Recipes after the jump!


Spanish Tortilla with Broccoli, Chorizo and Onion
Available at Serious Eats

6 large eggs
Kosher salt and freshly ground black pepper
1/2 cup extra-virgin olive oil
3 cups bite-sized broccoli florets
1 medium onion, finely sliced (about 1 cup)
3 ounces chorizo, finely sliced or diced

In a large bowl, whisk eggs together with 1 teaspoon salt and 1/2 teaspoon black pepper. Set aside.

Heat half of olive oil in a 10-inch non-stick or cast iron skillet over high heat until simmering. Add broccoli and cook without moving until well charred on one side, about 2 minutes. Reduce heat to medium and continue to cook, stirring occasionally, until broccoli is very tender, about 5 minutes longer. Add onions and chorizo, season to taste with salt and pepper, reduce heat to medium, and continue to cook, stirring frequently, until onions and broccoli are completely softened, about 5 minutes longer.

Add broccoli/onion mixture to bowl with eggs and stir immediately to combine. Return skillet to heat and add remaining 1/4 cup olive oil. Heat until shimmering. Add egg mixture and cook, stirring gently with a wooden spoon or rubber spatula until eggs are about 1/3 set, about 1 minute. Continue to cook, swirling pan gently until eggs are set about 2/3 of the way through and base of tortilla is deep golden brown, about 5 minute longer.

Place a large plate over the skillet and using both hands and two kitchen towels, invert skillet and plate so that tortilla flips out onto the plate with the cooked-side up. Carefully slide back into skillet. Continue to cook, gently swirling pan until tortilla is golden brown on second side, about 4 minutes longer. For a perfect shape, invert onto plate and slide back into skillet 4 to 5 more times. Transfer to a cutting board and let rest at least 5 minutes and up to 3 hours before slicing and serving with allioli.

Spanish-Style Allioli (Olive Oil and Garlic Mayonnaise)
Available at Serious Eats

1 large egg yolk
2 medium cloves garlic, minced (about 2 teaspoons)
1 tablespoon water
1 tablespoon juice (from 1/2 a lemon)
1 teaspoon dijon mustard
1/2 cup vegetable, canola, or light olive oil
1/2 cup extra-virgin olive oil
Kosher salt and freshly ground black pepper

Place egg yolk, water, lemon juice, and mustard in the bottom of an immersion blender cup. Pour oil on top and allow to settle for 15 seconds. Place head of immersion blender at bottom of cup and switch it on. As mayonnaise forms, slowly tilt and lift the head of the immersion blender until all oil is emulsified. (For food processor instructions, see note above).

Transfer allioli to a medium bowl. Whisking constantly, slowly drizzle in extra-virgin olive oil. Season to taste with salt and pepper. Store in a sealed container in the refrigerator for up to two weeks.
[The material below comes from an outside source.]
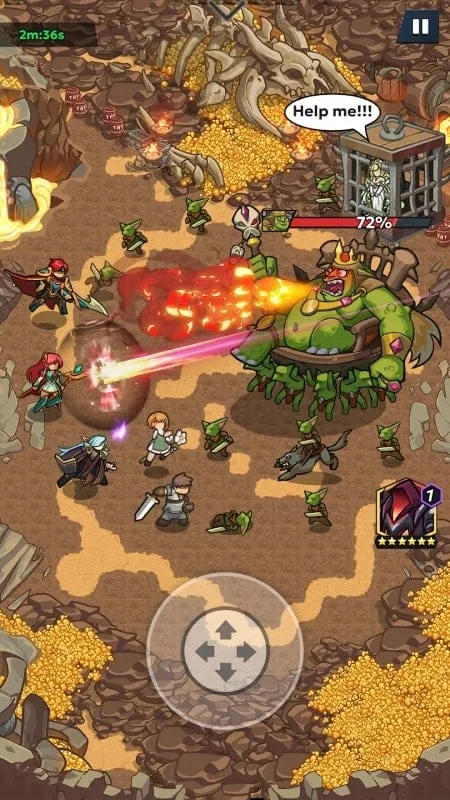 Fortias Saga gameplay on a mobile device.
NOTE #1: If you don't have an immersion blender with a cup, you can make the allioli in a food processor. Coming egg, garlic, lemon juice, water, and mustard in a food processor. With machine running, slowly drizzle in the canola or light olive oil, scraping down the sides as necessary. Transfer the half-finished allioli to a bowl and proceed with step two.
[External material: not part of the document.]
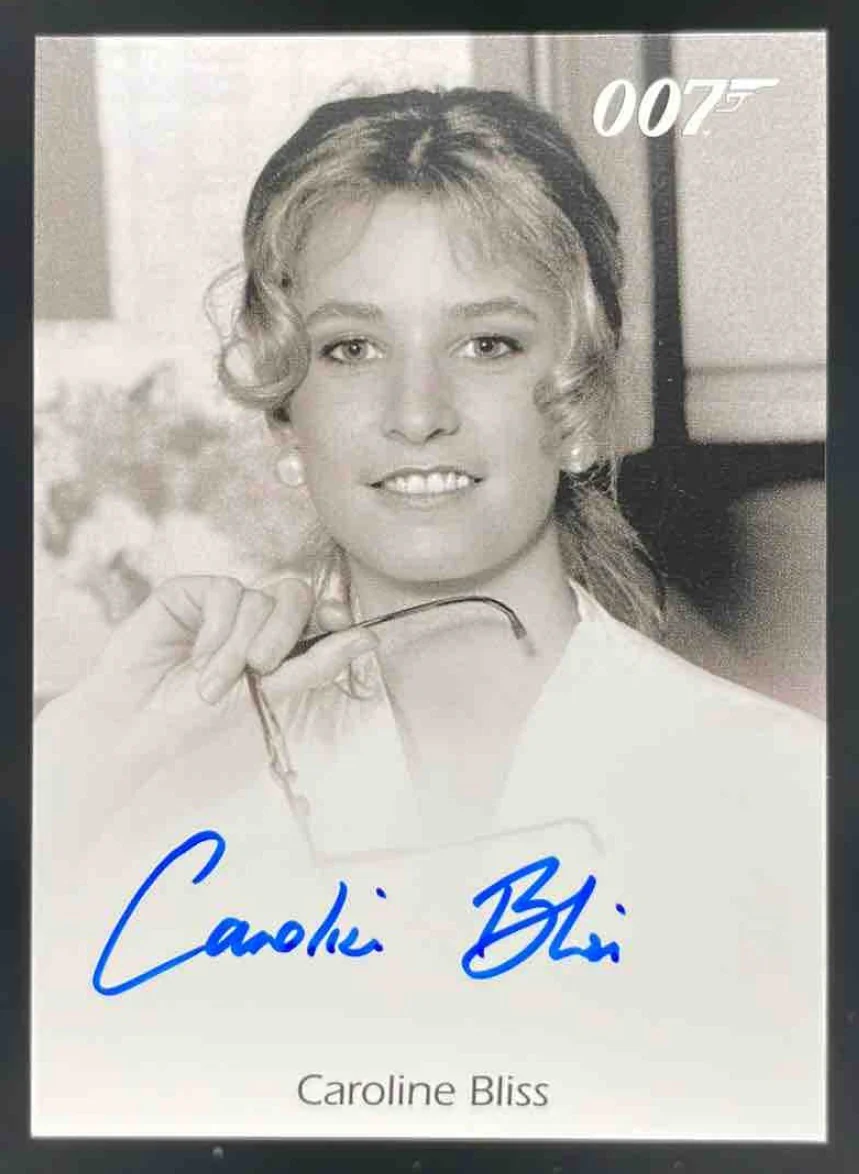 2015 The Living Daylights Autographs Caroline Bliss as Miss Moneypenny Auto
NOTE #2: If your aioli (or mayonnaise) breaks like ours does, there are two ways to rescue it.  Either take about a tablespoon of Dijon mustard or a room-temperature egg yolk and put it in a metal bowl.  Take your hand whisk and add in about a tablespoon of the broken sauce, whisking constantly.  It should be thick.  Start to very slowly stream the broken aoili into the mustard/egg yolk, whisking constantly.  Whisk like your life depends on it.  Do this very very slowly at first, making sure the sauce stays thick.  Keep adding the broken aioli into the new sauce in a slow thin stream and eventually, you will incorporate all the broken sauce into a lovely new sauce. We went with the dijon mustard approach because our remaining egg was not at room temperature, but that will obviously result in a more mustard-y sauce.